More info in dbt's profiles docs: https://docs.getdbt.com/reference/warehouse-profiles/redshift-profile#password-based-authentication

This will always use this project connection in your GitHub actions. If you want your preview projects to have different connection settings depending on the user that opened the pull request (dev profiles), then see what you need to add to your secret in this guide.

Snowflake
User / Password authentication:
my-snowflake-db:
target: dev
outputs:
dev:
type: snowflake
account: [account id]

# User/password auth
user: [username]
password: [password]

role: [user role]
database: [database name]
warehouse: [warehouse name]
schema: [dbt schema]
threads: [1 or more]
client_session_keep_alive: False
query_tag: [anything]

More info in dbt's profiles docs: https://docs.getdbt.com/reference/warehouse-profiles/snowflake-profile#user--password-authentication

This will always use this project connection in your GitHub actions. If you want your preview projects to have different connection settings depending on the user that opened the pull request (dev profiles), then see what you need to add to your secret in this guide.

DataBricks
Set up a DataBricks target:
your_profile_name:
target: dev
outputs:
dev:
type: databricks
catalog:
[
optional catalog name,
if you are using Unity Catalog,
only available in dbt-databricks>=1.1.1,
]
schema: [schema name]
host: [yourorg.databrickshost.com]
http_path: [/sql/your/http/path]
token: [dapiXXXXXXXXXXXXXXXXXXXXXXX] # Personal Access Token (PAT)
threads: [1 or more]

More info in dbt's profiles docs: https://docs.getdbt.com/reference/warehouse-profiles/bigquery-profile#service-account-json

This will always use this project connection in your GitHub actions. If you want your preview projects to have different connection settings depending on the user that opened the pull request (dev profiles), then see what you need to add to your secret in this guide.

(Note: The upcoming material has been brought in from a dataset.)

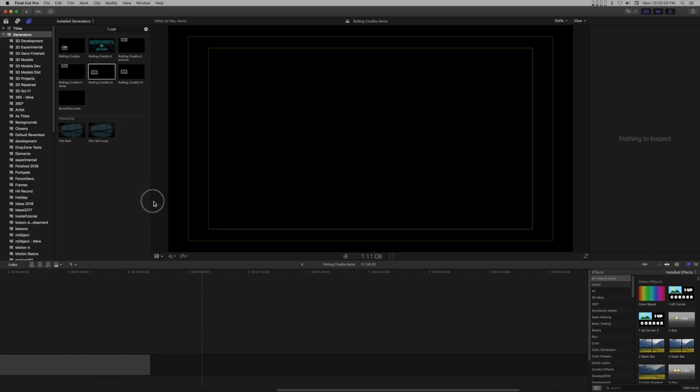Rolling credits techniques. Building rolling credits is usually going to be accomplished by making multiple credit blocks. Individual rolling credits generators that will handle their own formatted text.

Step 2: Create deploy.yml workflow in Github

Go to your repo, click on Actions menu.

If you don't have any GitHub actions, you'll just need to click on Configure

Github actions page

If you have some GitHub actions in your repo already, click on New workflow, then select setup a workflow yourself.

Now copy this file from our cli-actions repo.

Give it a nice name like deploy-lightdash.yml

And commit this to your repo by clicking on Start commit.

You're done!

Everytime you make a change to your repo, on the main branch, it will automatically deploy your new config into your Lightdash projects

You can see the log on the Github actions page

2. In the UI: Syncing your dbt changes using refresh dbt

Whenever you make changes to your YAML files, you can sync Lightdash and see these changes by clicking the refresh dbt button in the Explore view of the app.

screenshot-refresh-dbt

If you're using a git connection (like GitHub, Gitlab or Bitbucket), you'll need to push + merge your changes to the branch that your Lightdash project is connected to before you run refresh dbt.

3. From the command line: Syncing your dbt changes using lightdash deploy

If you're using the Lightdash CLI, you can use the lightdash deploy command to deploy your changes to your Lightdash project.

To read more about how to use lightdash deploy, check out our docs.

Note: If you've made any changes to the underlying data, you need to run dbt first

If you've made any changes to the underlying data (for example, adding a new column in your model.sql file or changing the SQL logic of an existing dimension), then you need to run: dbt run -m yourmodel before you click refresh dbt in Lightdash.